Dès son entame, Benedetta prend bien soin d’annoncer : « Cette histoire est inspirée de faits réels ». Mais Verhoeven se plaît à brouiller les cartes, alternant les séquences réalistes et celles flottant dans une irréalité onirique jusqu’à ce qu’il devienne difficile de faire la part des choses. « Comment puis-je savoir ce qui est vrai et ce qui est faux ? » dira d’ailleurs Benedetta en se confessant. Car la nonne, portée par une foi religieuse intense depuis son plus jeune âge, voit des signes divins partout. Parfois, ce sont peut-être de simples coïncidences, comme cet oiseau qui surgit à point nommé pour déféquer sur un voleur au moment où elle invoque la Sainte Vierge, ou cette statue de Marie qui s’effondre alors qu’elle vient de s’adresser à elle. D’autres fois, ce sont des visions troublantes mettant en scène Jésus.

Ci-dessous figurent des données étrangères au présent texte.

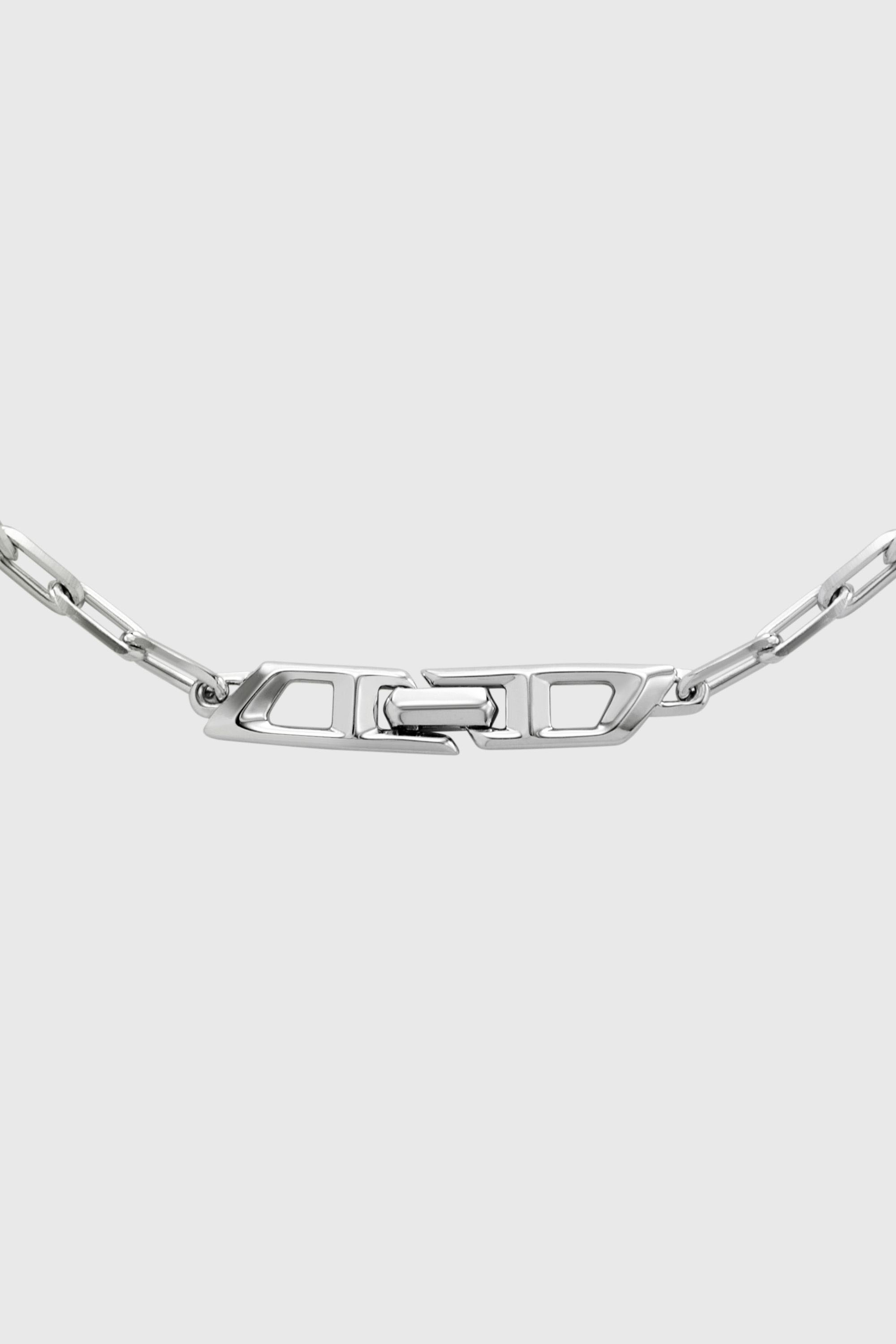 DL1364040 STERLING SILVER JEWEL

Berger, il l’attire vers elle. Armé d’un glaive, il pourfend les trois serpents géants qui menaçaient de la tuer. Sur sa croix, il lui ordonne de se dévêtir pour s’accoupler à lui. Devenu un hideux barbare, il la sauve d’hommes qui voulaient abuser d’elle pour la violenter lui-même. Les choses prennent une tournure plus déstabilisante lorsque Benedetta affiche les stigmates du Christ – les mains et les pieds troués, le flanc et le front ensanglantés – puis se met à gronder avec une voix masculine de possédée. « J’ai été abusée par le diable », dit-elle à Batolomea.

L'horizon du possible

À plusieurs reprises, l’hypothèse que Benedetta soit une simulatrice est évoquée. Mais le doute subsiste en permanence. L’arrivée de cette comète embrasant les cieux qui précède un drame sanglant puis une épidémie de peste serait-elle aussi le fruit d’un étrange hasard ? Le fait que la ville de Pescia soit la seule de la région épargnée par le fléau n’est-il pas déconcertant ? De fait, même si les faits narrés sont réels, le prisme choisi par Verhoeven autorise sans cesse une lecture fantastique où les miracles pourraient s’inviter sans nécessiter de justification rationnelle. « Apparemment ce couvent n’a cessé d’élargir l’horizon du possible » déclare à ce titre Lambert Wilson, parfait dans le rôle d’un nonce cynique adepte de la torture. À ses côtés, Charlotte Rampling excelle en mère supérieure austère et sèche comme une trique. Tous deux représentent l’autorité religieuse dans ce qu’elle a de plus rigide, sans se départir au passage de petits arrangements très triviaux (les négociations financières lorsqu’une fille entre au couvent, les répercussions politiques de cette affaire). Bien des fois, Benedetta nous évoque Les Diables de Ken Russell qui, lui aussi, abordait sans concession les sujets de l’intolérance au nom de Dieu et des préjugés de l’Église vis-à-vis de la sexualité. La réponse qu’apporte Verhoeven en fin de métrage est finalement toute simple : deux corps dénudés, face à la caméra, qui s’exposent sans pudeur ni censure, offrant au spectateur la possibilité de lever le voile sur ses propres inhibitions pour accepter l’autre dans le plus simple appareil.